It depends on the time we get a blood test as the TSH varies all through the 24 hours. Also the other results might well vary too. Your first TSH was fine as you were on T3 also. On your second test without T3 your FT4 is higher and T3 is lower so your results look o.k. to me. The most important thing is how you are 'feeling' on this dose.
I'm feeling pretty awful all round to be honest.I'm very tired,headaches,but I am mostly concerned that my blood pressure has gone up and I am having palpitations,so thinking that the 100 thyroxine is too much,but 75 mcg of thyroxine alone wasn't enough as I couldn't function very well.
The more I reduced levothyroxine and increased T3 the better I became but that's not to say that everyone will have the same experience.
We have to be allowed to trial several thyroid hormones/doses to find a sweet spot for us as individuals.
I'm not surprised you are not feeling so good due to the actual reduction of thyroid hormones, i.e. T3/T4 is around 135 equivalent of levothyroxine but you are now taking 100mcg.
Whenever doctors mess about with doses to get the patients' results in 'range' the patient suffers.

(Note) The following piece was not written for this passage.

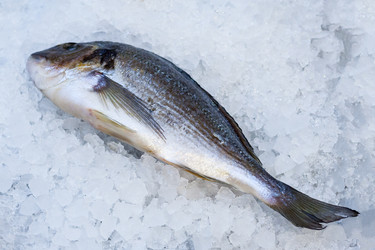 Similar image 22167233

If you read the above link you might find it very helpful.
I cannot fathom out how they think. I had constant palps and was in and out of A&E sometimes by ambulance. It was awful. Cardiologist was puzzled and there was talk of inserting something to record what was going on.
Since I've gone on T3 only, my heart beats perfectly and I've not had any visits to A&E since. I assume that my body was sensitive to T4 but has calmed on T3 only and I feel well.
This is an excerpt from the above link which I think you'll find interest:
TSH levels don’t significantly correlate day-to-day[1] or week-to-week.[2] One research group measured the TSH and free T3 and free T4 levels of ten normal young men.[3] When they measured the levels every 30 minutes for 24 hours, they found that the hormone levels were lower during the day and higher at night. During the day, the free T3 was 15% lower, the free T4 was 7% lower, and the TSH was 140% lower. When the researchers measured the hormone levels every five minutes for six to seven hours (7 PM-to-11 PM), the levels varied every thirty minutes. The TSH level varied 13%, the free T3 15%, and the free T4 11%.
Other researchers measured the TSH levels of 31 healthy people. They found that women had significantly higher TSH level than men.[1] On different days, individuals had "a large" variation of TSH levels. The large variations were about equally extreme in both men and women. The researchers concluded, "The present study demonstrated a large variation of TSH levels in various conditions, even in the same individuals, indicating the necessity of strictly controlled conditions in the study of TSH secretion."
Another research group measured TSH and thyroid hormone levels in normal people every month for a year. They found that in individuals, the levels of thyroid hormone varied within narrow limits. But among the people as a group, the levels varied considerably. The researchers wrote, "This high degree of individuality implies that rigorous comparison of thyroid hormone results against a population-based 'normal range' can be potentially misleading." They also reported higher T3 and T4 levels in winter months. During these months, the pituitary gland’s secretion of TSH was more easily provoked.[6]
You may find it helpful to keep in mind a clear-cut double standard of the endocrinology specialty. Endocrinologists keep thousands of thyroid cancer patients on TSH-suppressive doses of thyroid hormone. But these specialists vociferously warn of grave dangers if hypothyroid patients use the same TSH-suppressive doses. However, meta-analyses of studies show that these doses are harmless to thyroid cancer patients, despite them staying on the doses for decades. Rather than harming the cancer patients, TSH-suppressive doses appear to benefit them: researchers write that the patients report feeling better on these doses than hypothyroid patients do on T4-replacement. (In T4-replacement, of course, the patient uses a dose of thyroid hormone that doesn't suppress the TSH.)
The endocrinology specialty cannot reconcile this discrepancy in its practice guidelines for the two different groups of patients. This to me is one of many pieces of evidence that T4-replacement is driven by commerce—not by science or an aim for therapeutic effectiveness. I provide rock-hard evidence for this conclusion in my forthcoming book Tyranny of the TSH.
There is a growing coterie of physicians such as you. They’ve all enlightened themselves despite the shroud of darkness tenaciously held over the eyes of modern medicine by the endocrinology specialty. That you have freed yourself from so-called "fibromyalgia" is good. But that you’ve joined that growing clique of physicians suggests that the long-overdue liberation of millions of patients is on its way. Welcome to our side, and thank you for the patients you’ll free from the horrors of T4-replacement.
The TSH is totally irrelevant, once you are on thyroid hormone replacement, unless it goes high. Nothing bad will happen to you if it goes low. I do wish endos would get that through their thick heads!
You are right, you aren't converting that T4 at all well. You really need the T3 - in fact you need more than you were taking - and you don't need much T4 at all.
The reason the TSH becomes suppressed when you are taking T3, is because you no-longer need it. Pointless having high levels of a hormone that isn't even doing anything (like the TSH and most of the T4).